これは企業業績を反映したものだからバブルではないとか、いや今の株価や不動産の値上がりはバブル期にそっくりだとかいろいろ言われていますが、私のように株式投資をしていない人や地方の中小企業などにとっては、特に実感はないことでしょう。

株価は景気の先行指標とも言われますが、それも疑問に思っています。
むしろ、日銀のマイナス金利解除も現実味を帯び、社会的な賃上げ圧力も高まり、
原価上昇分の価格転嫁もままならない中で、
中小企業が持続的利益を確保していくのはますます厳しくなると感じています。

そんな中でも、先を見据えてしっかり準備をされてきた経営者もたくさんおられると思います。

ある運送業の社長は、2024年問題を見据えて客先との運賃交渉を真摯に進めてきて、
この4月から全客先の運賃単価アップが実現するとのことでした。
「これを原資に業界でも抜きん出た賃金体系をつくり、社員を確保し、個々の労働時間短縮を実現していく」とのこと。
計画性と実行力に優れた立派な社長です。

また、ある機械部品製造業の専務は、原材料価格の上昇や円安による輸入コスト増、
人件費・光熱費・消耗品等のコスト増を数値化して客先の単価アップ交渉を地道に進め、
15%~30%の単価アップを実現しました。
「これを原資に設備投資を進め、労働条件の見直しと生産性向上を実現していく」とのこと。
この専務の分析力と交渉力にも頭が下がります。

一方では、目標達成や業務改善を主体的に進めることを社員に要求しながらも、
働く環境整備が後回しになっている会社も多く見受けられます。

会社として社員に要求すべきことは要求しなければならない。
しかしながら、その要求に応えようとしない社員もいる。
経営者側も、賃金や労働条件を含めた働く環境が整っていない負い目があるから、
その社員を厳しく正すことができない。
結果として業績回復が遅れ、賃金や労働条件の見直しどころではなくなってしまいます。

さりとて、賃金アップや労働環境整備のコストアップを吸収できる原資を見込めなければ、
経営者としてはなかなか踏み切れないでしょう。

だからこそ、前述の運送業の社長や製造業の専務のように、経営者自ら客先を回り、
価格交渉に当たらなければならない。
または、自社がきちんと利益を出せる価格設定と交渉材料を社員に与えなくてはならない。
その先にある賃金や労働環境の改善を見据えて、生き残りの覚悟を持って取り組まなければ間に合わない。

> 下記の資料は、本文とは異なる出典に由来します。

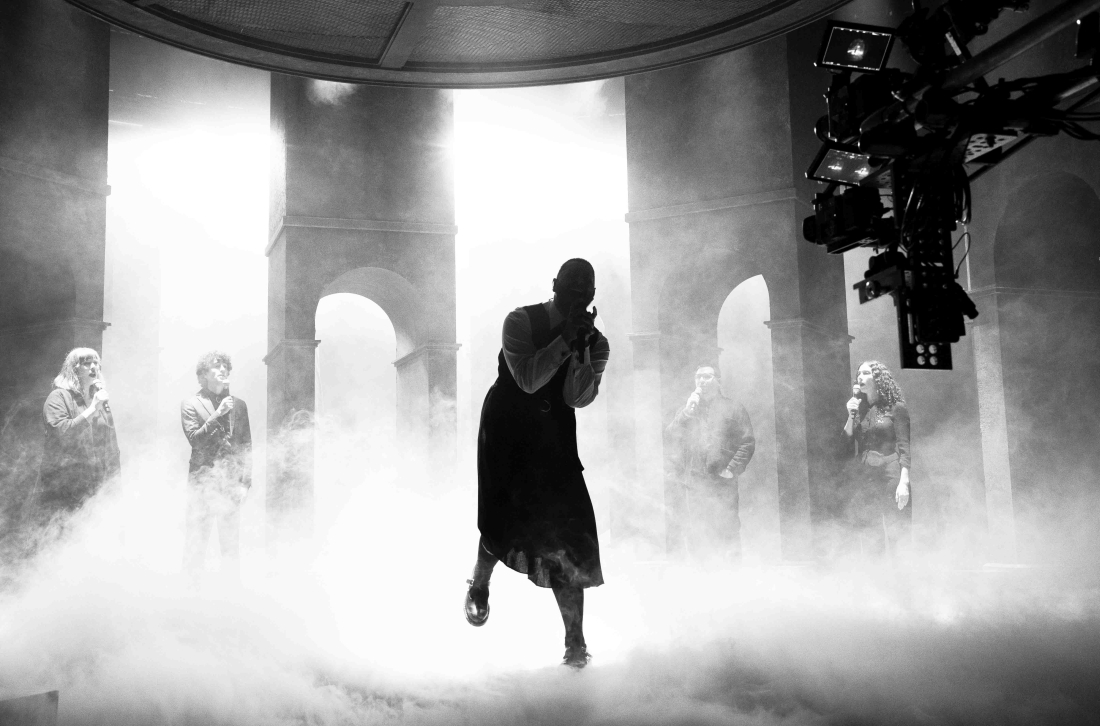 Post malone on a smokey stage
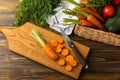 Fresh and sweet carrots on wooden table.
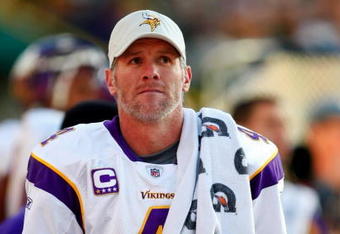 GREEN BAY, WI - NOVEMBER 01: Quarterback Brett Favre #4 of the Minnesota Vikings walks on the sidelines during the first quarter of the game against the Green Bay Packers at Lambeau Field on November 1, 2009 in Green Bay, Wisconsin. (Photo by Scott Boehm/Getty Images)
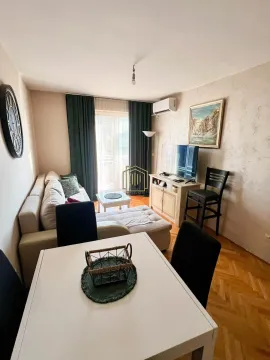 Living room with sofa, television, and dining table. - image 2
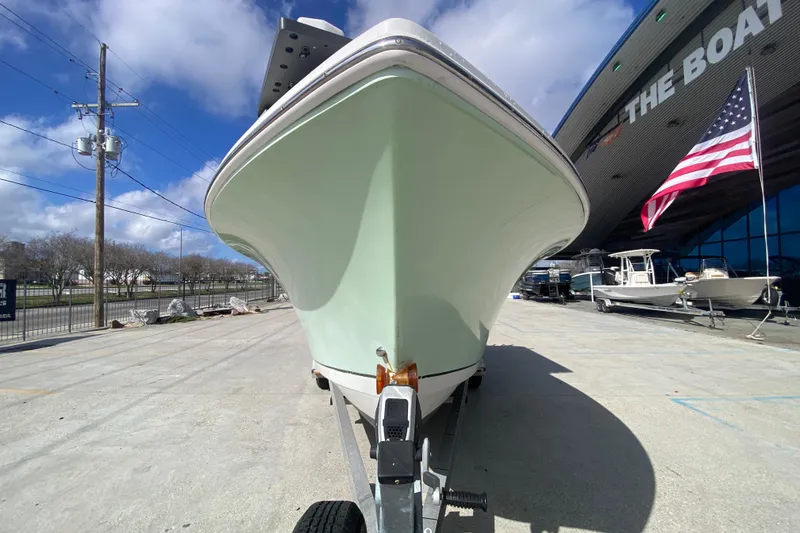 Slide: The Image of 2006 Sailfish 2360 CC boat on trailer, parked outside dealership with American flag. - 8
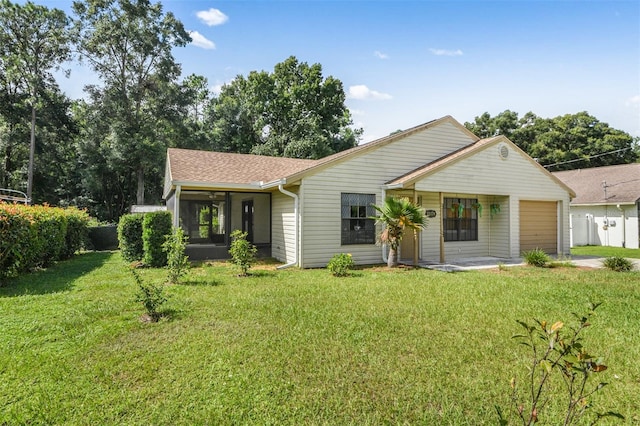 single story home with a sunroom, a front yard, and a garage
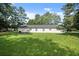 The backyard boasts a large, well-kept lawn under a sunny sky at 1799 Harmony Rd, Powder Springs, GA 30127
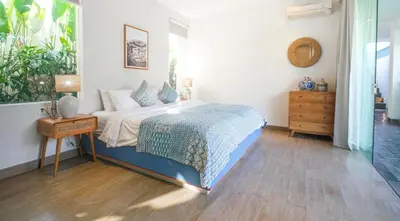 a bedroom with a bed with a nightstand and a table at Desa Berawa Beach Villa No13 in Canggu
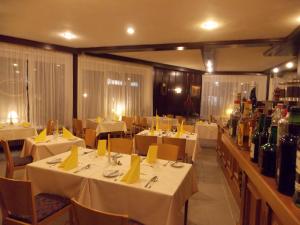 a restaurant with white tables and bottles of wine at Hotel Krone in Bad Münster am Stein-Ebernburg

有名な稲盛和夫氏の言葉である「値決めは経営」、本当にそう思います。
つまるところ、値決めは経営者の覚悟の現れだと思います。
社員も「値上げをすれば顧客が離れてしまうのではないか」という不安を持っているでしょうが、
その不安を払拭し社員に勇気を与えられるのは経営者しかいません。

決してネガティブにならずに、ロジカルに考えて値決めをして、真摯な交渉をしていきたいものです。